# New Toy



## C.L. Boyett (May 5, 2017)

Never used these before. I've already noticed they say 600 RPM max. Any advice or pointers would be appreciated.


----------



## Az Turnings (May 5, 2017)

Don't go over 600 rpm

Reactions: Agree 1 | Funny 11


----------



## Tony (May 5, 2017)



Reactions: Like 1


----------



## C.L. Boyett (May 5, 2017)

Az Turnings said:


> Don't go over 600 rpm


I see a launch coming. 600 is the slowest I can go and my lathe has a tendency to slowly turn itself up. Weekly cleaning prevents this. Hmmm no more lazy I guess.


----------



## Steve Walker (May 5, 2017)

I haven't either, so I'm no help.

Reactions: Like 1


----------



## Az Turnings (May 5, 2017)

C.L. Boyett said:


> I see a launch coming. 600 is the slowest I can go and my lathe has a tendency to slowly turn itself up. Weekly cleaning prevents this. Hmmm no more lazy I guess.
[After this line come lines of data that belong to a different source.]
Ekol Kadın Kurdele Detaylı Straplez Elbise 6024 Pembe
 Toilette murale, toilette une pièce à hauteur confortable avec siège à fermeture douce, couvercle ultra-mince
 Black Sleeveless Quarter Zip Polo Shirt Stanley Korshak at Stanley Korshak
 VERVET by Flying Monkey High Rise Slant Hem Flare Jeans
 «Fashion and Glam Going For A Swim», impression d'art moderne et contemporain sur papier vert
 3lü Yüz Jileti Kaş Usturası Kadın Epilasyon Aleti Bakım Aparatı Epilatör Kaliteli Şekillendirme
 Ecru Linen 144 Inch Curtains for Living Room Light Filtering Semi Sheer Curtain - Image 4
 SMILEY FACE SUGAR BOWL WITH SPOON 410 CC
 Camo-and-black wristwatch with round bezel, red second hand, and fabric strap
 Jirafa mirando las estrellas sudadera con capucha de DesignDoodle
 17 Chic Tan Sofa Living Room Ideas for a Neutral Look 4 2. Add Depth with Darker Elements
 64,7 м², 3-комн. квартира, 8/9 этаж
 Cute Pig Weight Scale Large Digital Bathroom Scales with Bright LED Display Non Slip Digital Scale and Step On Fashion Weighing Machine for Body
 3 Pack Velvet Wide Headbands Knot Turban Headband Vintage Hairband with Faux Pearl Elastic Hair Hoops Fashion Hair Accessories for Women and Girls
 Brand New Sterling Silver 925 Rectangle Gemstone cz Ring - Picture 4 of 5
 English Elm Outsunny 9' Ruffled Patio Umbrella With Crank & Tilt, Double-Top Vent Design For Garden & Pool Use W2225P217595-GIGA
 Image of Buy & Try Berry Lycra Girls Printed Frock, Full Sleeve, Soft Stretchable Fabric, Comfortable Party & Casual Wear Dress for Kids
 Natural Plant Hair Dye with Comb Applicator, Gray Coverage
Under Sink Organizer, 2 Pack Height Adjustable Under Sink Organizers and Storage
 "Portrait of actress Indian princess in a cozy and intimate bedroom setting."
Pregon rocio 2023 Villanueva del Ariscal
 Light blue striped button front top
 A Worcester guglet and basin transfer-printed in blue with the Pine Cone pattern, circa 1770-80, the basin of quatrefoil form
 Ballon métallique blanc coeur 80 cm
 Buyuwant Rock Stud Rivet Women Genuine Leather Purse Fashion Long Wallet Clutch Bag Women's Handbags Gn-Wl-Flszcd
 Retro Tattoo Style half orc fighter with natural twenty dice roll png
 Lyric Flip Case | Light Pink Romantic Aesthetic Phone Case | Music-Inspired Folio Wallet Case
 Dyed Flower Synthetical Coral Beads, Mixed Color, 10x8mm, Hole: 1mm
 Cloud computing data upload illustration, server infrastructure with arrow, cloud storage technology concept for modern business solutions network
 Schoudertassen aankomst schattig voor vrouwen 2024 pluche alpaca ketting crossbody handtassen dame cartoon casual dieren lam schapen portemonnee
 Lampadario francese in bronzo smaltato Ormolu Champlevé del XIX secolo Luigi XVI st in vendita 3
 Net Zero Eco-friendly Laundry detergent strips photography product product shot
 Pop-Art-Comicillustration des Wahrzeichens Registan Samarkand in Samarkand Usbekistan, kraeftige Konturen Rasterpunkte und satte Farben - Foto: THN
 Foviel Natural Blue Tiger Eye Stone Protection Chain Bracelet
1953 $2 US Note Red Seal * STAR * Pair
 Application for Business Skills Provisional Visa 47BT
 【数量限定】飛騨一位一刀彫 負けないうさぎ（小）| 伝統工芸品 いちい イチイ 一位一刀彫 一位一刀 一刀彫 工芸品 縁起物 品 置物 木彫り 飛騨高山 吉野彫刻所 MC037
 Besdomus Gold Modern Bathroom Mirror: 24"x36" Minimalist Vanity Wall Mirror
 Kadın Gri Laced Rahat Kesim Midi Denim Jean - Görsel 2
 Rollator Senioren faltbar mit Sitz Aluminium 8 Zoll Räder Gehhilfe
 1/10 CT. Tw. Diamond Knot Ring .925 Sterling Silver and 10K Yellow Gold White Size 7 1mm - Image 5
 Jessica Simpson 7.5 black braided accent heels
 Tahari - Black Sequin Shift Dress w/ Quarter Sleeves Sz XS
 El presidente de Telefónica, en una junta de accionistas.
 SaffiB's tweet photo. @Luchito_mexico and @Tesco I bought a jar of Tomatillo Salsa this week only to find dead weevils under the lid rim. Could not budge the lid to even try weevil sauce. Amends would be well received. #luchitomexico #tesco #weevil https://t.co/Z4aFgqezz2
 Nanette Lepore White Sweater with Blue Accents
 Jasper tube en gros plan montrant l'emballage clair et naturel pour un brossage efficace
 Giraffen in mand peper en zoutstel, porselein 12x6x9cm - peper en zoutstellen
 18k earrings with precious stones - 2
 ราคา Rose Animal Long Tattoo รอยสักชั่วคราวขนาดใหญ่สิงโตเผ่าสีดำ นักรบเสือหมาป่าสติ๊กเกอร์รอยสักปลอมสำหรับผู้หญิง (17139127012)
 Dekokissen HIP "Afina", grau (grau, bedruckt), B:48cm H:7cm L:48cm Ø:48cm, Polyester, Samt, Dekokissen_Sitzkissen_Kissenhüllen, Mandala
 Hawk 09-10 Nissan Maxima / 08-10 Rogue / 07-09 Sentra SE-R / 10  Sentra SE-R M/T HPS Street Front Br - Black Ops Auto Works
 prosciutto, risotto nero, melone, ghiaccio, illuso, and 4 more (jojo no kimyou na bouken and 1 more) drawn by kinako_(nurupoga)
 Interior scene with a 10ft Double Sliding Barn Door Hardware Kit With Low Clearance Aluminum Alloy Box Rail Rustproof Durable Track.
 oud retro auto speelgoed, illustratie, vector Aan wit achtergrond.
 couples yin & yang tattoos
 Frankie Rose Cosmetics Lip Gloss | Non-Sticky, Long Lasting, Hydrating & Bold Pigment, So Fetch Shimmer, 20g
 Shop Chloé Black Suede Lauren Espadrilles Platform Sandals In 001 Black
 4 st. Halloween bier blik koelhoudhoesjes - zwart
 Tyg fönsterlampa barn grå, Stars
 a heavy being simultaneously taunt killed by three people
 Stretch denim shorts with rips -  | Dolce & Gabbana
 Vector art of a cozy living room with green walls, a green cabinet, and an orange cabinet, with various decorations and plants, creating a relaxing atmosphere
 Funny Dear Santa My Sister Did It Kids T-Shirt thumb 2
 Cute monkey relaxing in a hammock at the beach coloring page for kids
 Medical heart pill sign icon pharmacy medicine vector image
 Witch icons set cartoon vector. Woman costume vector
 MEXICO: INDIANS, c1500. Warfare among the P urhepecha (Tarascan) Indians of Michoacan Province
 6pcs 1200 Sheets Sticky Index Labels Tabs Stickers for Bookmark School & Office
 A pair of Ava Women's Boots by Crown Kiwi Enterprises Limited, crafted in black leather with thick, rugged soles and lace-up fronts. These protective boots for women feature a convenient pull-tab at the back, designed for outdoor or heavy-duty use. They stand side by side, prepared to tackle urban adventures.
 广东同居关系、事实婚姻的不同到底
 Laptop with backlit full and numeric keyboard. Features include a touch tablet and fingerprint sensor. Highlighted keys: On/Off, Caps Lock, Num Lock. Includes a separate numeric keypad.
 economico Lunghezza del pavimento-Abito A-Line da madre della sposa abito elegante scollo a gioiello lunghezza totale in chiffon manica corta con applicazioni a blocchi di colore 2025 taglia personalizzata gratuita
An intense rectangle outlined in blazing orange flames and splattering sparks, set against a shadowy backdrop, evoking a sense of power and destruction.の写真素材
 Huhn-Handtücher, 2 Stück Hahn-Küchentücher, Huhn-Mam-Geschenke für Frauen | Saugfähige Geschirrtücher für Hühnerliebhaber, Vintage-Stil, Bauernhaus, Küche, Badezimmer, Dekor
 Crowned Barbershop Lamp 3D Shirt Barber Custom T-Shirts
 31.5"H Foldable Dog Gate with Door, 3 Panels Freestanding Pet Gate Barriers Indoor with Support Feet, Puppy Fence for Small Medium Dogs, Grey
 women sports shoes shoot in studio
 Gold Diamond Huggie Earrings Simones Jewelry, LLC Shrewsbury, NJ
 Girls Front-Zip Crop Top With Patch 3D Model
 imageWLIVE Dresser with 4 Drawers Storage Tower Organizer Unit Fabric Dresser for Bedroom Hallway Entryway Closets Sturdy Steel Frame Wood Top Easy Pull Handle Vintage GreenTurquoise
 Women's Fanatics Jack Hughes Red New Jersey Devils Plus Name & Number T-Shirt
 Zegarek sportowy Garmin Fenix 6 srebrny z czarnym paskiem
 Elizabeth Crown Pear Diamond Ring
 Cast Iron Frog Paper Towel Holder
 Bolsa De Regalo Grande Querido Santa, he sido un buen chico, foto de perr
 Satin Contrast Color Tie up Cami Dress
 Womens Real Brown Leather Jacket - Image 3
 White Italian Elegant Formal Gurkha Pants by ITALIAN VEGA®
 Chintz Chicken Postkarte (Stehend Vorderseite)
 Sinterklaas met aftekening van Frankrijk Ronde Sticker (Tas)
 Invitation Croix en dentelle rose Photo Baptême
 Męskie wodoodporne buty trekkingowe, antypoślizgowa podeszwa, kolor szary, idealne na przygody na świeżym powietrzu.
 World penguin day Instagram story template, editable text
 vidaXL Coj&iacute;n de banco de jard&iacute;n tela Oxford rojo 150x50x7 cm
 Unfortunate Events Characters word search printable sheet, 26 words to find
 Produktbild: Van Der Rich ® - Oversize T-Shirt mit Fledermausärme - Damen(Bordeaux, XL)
To be totally honest I've gone way over 600, just have to make sure I'm not in the way of the bowl. I usually go at about 900-1000. If you want some advice of speeds may I suggest asking @Nubsnstubs

Reactions: Thank You! 1 | Agree 1 | Funny 3


----------



## Steve Walker (May 5, 2017)

I will add this.... keep the tail stock up to the piece as long as possible, then your automatic variable speed becomes less of an issue.
Turn the bottom down to the profile you want, all the way in to the live center, then chisel and sand the nub away. There is more torque applied out at the edge of the bottom than in towards the center, so I suppose it's possible that you may be able to turn the nub away.......wear body armor as a precaution.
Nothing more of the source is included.